= Patrycja Bereznowska =

Polish long-distance runner (born 1975)

Patrycja Bereznowska (born 17 October 1975) is a Polish long-distance runner who specializes in 24-hour running.

== Competitions ==
As of August 2019, she has completed thirteen 24-hour runs and won the IAU 24 Hour World Championship and IAU 24 Hour European Championship, both individually and in a team. She ran her first half-marathon in 2008 and her first ultramarathon in 2013.

In 2015, in Turin, she won a bronze medal in the team competition as part of the IAU 24 Hour World Championship (together with Aleksandra Niwińska and Agata Matejczuk; she placed fifth individually). She also won silver medals both individually and in the team competition in the European Championship. A year later, in Albi, in the IAU 24 Hour European Championship, she won a silver medal individually and a gold medal in the team competition (together with Agata Matejczuk and Milena Grabska-Grzegorczyk). In 2017, she won a gold medal individually and a silver medal with her team in the IAU 24 Hour World Championship in Belfast. In 2019, she won a bronze medal individually and a silver medal with her team during the World Championship in Albi.

She beat the 24-hour run unofficial world record twice (there are no official world records in this competition): in 2017 in Belfast with a result of 259,991 meters and in the Athens – Sparta ultramarathon Spartathlon (246 km) in 2017 with the time of 24:48:18.

Bereznowska won gold many times in the Polish Championship for the 24 Hour Run – in 2014, 2016, 2017, and 2018. She won silver in the same competition in 2013 and in 2020.

In 2019, she became the first Polish woman to participate in the Badwater Ultramarathon. She won the women's category and came second overall, only behind Yoshihiko Ishikawa of Japan, with a time of 24:13:24.

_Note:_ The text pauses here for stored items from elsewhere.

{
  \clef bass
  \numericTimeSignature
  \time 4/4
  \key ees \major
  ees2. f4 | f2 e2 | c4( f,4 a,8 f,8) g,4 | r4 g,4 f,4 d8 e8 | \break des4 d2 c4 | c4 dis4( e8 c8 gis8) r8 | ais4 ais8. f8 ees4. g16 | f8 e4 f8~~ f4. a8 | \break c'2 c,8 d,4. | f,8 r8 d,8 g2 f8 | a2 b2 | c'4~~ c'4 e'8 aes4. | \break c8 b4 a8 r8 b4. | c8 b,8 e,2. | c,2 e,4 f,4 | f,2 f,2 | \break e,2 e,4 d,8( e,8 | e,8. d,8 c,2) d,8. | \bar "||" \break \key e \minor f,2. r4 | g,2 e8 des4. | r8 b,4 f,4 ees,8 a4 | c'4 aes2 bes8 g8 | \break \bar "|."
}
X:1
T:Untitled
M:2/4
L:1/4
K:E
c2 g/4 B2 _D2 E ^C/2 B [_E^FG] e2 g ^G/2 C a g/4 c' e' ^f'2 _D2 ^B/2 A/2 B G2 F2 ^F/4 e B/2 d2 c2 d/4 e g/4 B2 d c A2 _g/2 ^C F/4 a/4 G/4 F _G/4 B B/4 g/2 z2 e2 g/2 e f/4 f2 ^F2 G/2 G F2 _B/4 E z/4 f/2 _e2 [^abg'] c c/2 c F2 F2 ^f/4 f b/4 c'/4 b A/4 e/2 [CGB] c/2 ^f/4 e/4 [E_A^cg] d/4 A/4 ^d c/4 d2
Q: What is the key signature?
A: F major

She also competes in other kinds of runs including marathons, half-marathons, military runs in with all the equipment, uniform, and a 10 kg backpack, and obstacle racing.

== Personal life ==
Patrycja Bereznowska is a graduate of the University of Life Sciences in Lublin, Poland. In 2005, she obtained a doctoral degree in agricultural sciences in the field of animal science with a thesis entitled "Assessment of the Impact of Horse Exploitation and the Conditions of Running Long-Distance Rallies on the Obtained Results."

She worked as a horse-riding instructor and competed professionally before she became an ultramarathon runner. She still trains horses and riders for a living.

Her hobbies outside of horses and running are Tai chi, cooking, and gardening.